### Supplied information
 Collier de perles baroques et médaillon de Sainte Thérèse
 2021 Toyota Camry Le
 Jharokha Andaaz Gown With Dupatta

### What needs to be done
Please return every line of the data, unaltered.

### Exercise output
 Collier de perles baroques et médaillon de Sainte Thérèse
 2021 Toyota Camry Le
 Jharokha Andaaz Gown With Dupatta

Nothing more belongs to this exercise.